2. The plaintiff is granted leave to recall and qualify its expert witness, Mr D. Elliot, and lead his evidence relating to:
(a) The true value at risk of the building owned by the plaintiff which was damages by the fire which occurred in June 2016;
(b) The value of the loss suffered by the plaintiff as a result of the damage by fire in June 2016, such value of loss to include the cost of demolition and debris removal;
(c) The effect of the application of the average condition on the plaintiff’s claim.
3. The plaintiff is ordered to pay the costs of the application to re-open its case.
4. The plaintiff is ordered to pay the wasted costs occasioned by second defendant’s application for absolution from the instance.”
[2] The appellant and respondent in this appeal were cited in the court a quo as
the second defendant and plaintiff respectively.
[3] The appellant was aggrieved by the judgment of the court a quo, and it now
appeals to this court. The appeal is predicated on the main grounds that the court
a quo committed misdirection when exercising discretion granting the respondent
leave to re-open its case to lead further evidence.
[4] The appeal is opposed by the respondent.

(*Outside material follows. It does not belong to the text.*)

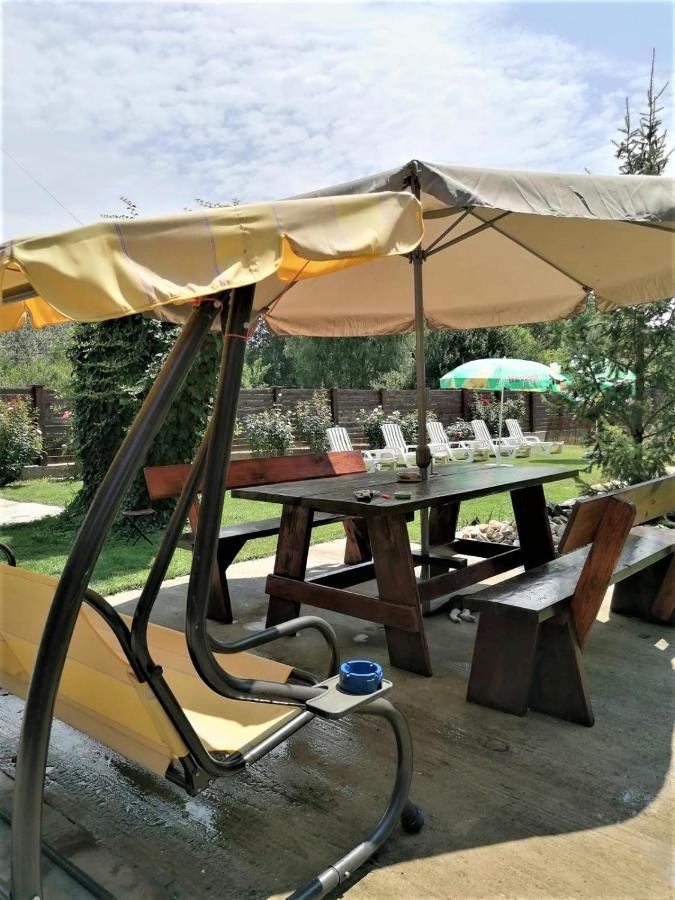 Casa Carp Calarasi Hotel ภายนอก รูปภาพ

[5] It is trite law that decision of the High Court to grant re-opening of the plaintiff’s case for the purposes of leading evidence involves an exercise of judicial discretion; and in the manner as stated in Mkhwanazi v Van Der Merwe and Another 1970 (1) SA 6091 at 613E where the Appellant Division (now the Supreme Court of Appeal) stated, with reference to the case of Oosthuizen v Stanley 1938 AD 322, as follows:
“Several considerations have a bearing on the cause of such discretion, for instance the reason for the plaintiff’s failure to call the witness before, the danger of prejudice to the opposite party owing to his being no longer able to bring back his witnesses, and, of course the materiality of the evidence. In an application for leave to lead fresh evidence in this court the test as to materiality layed down in Colman v Dunbar (1933 AD 141) is that the evidence tendered must be presumably to be believed and such that it would be practically conclusive. In a trial court, however, in my judgment, the test of materiality should be held to be satisfied where the evidence tendered, if believed, is material and likely to be weighty.’”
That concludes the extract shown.